:: INSTRUCTIONS TO FOLLOW ::
Below are lines of records; copy exactly those from the one containing "Used 2021 GMC" through the one containing "SIFIR METROBÜSE YAKIN", leaving the pictures behind.

:: RECORDED DATA ::
*** Begin section ***
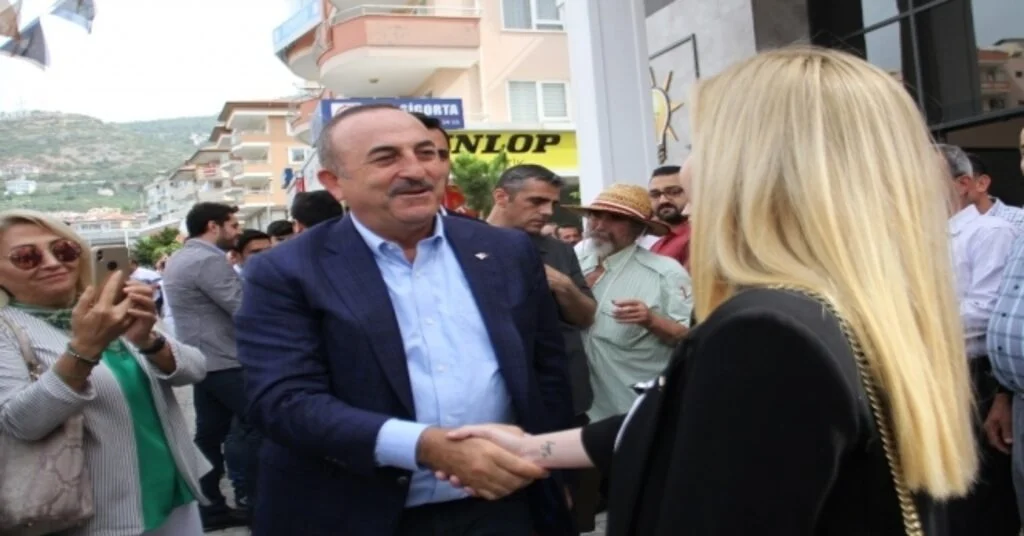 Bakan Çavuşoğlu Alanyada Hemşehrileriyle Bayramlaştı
*** End section ***
*** Begin section ***
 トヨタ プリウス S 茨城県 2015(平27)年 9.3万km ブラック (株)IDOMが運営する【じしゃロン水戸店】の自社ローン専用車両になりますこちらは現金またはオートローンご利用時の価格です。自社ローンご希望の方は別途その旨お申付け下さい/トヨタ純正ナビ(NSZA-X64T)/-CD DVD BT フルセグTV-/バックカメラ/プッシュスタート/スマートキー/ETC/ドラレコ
*** End section ***
*** Begin section ***
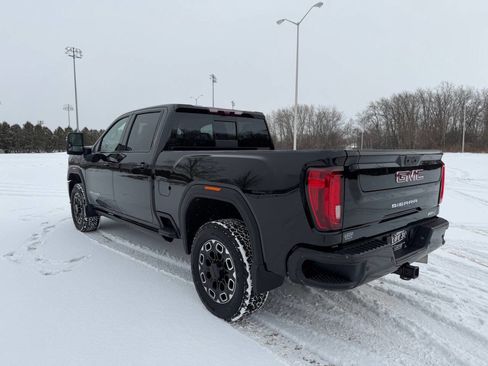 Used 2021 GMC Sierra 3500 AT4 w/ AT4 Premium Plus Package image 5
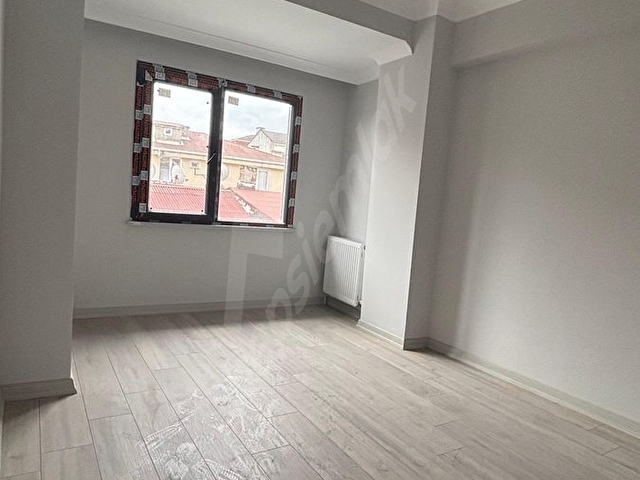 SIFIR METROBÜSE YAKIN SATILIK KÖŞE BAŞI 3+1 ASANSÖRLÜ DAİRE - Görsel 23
*** End section ***
:: PROBLEM SOLUTION ::
 Used 2021 GMC Sierra 3500 AT4 w/ AT4 Premium Plus Package image 5
 SIFIR METROBÜSE YAKIN SATILIK KÖŞE BAŞI 3+1 ASANSÖRLÜ DAİRE - Görsel 23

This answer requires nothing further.